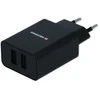 SWISSTEN SMART IC síťový adaptér 2x USB 2.1A POWER juoda (ECO BALENÍ)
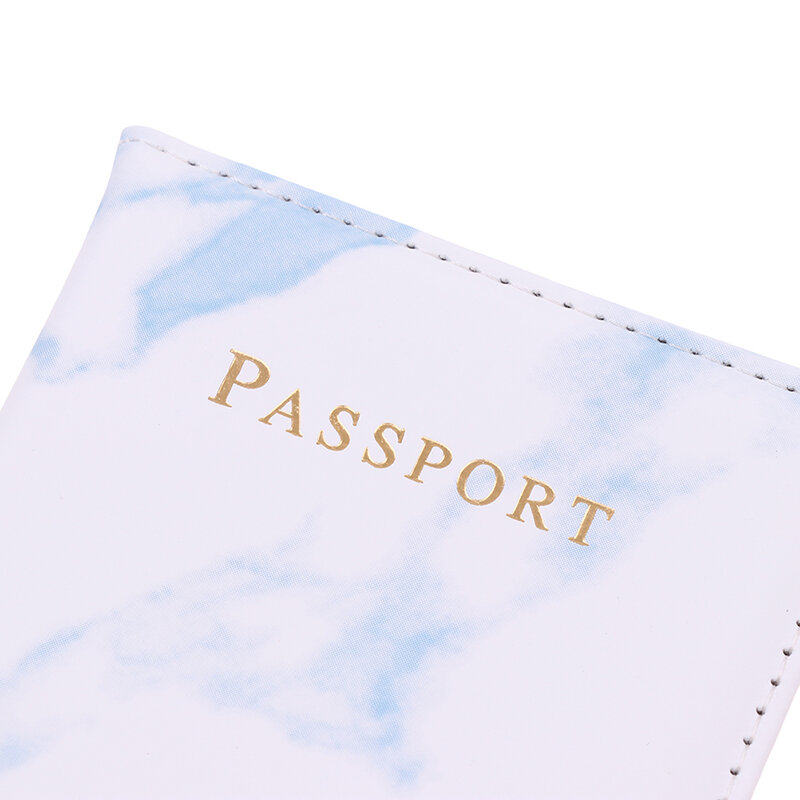 الرخام غطاء جواز سفر بولي PU الجلود حامل جواز سفر حامي حافظة منظم تذكرة وثيقة الأعمال بطاقات الهوية الائتمان المحفظة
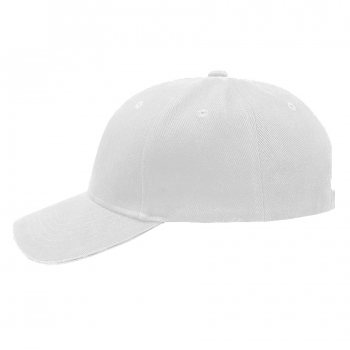 Бейсболка "Smart Sandwich", 6 клиньев, металлическая застежка, бел.-бел, 100% хлопок, 370 г/м2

--

● Problem:
A faithful transcription of the material, with no pictures, is the expected result.

● Response box:
 SWISSTEN SMART IC síťový adaptér 2x USB 2.1A POWER juoda (ECO BALENÍ)
 الرخام غطاء جواز سفر بولي PU الجلود حامل جواز سفر حامي حافظة منظم تذكرة وثيقة الأعمال بطاقات الهوية الائتمان المحفظة
 Бейсболка "Smart Sandwich", 6 клиньев, металлическая застежка, бел.-бел, 100% хлопок, 370 г/м2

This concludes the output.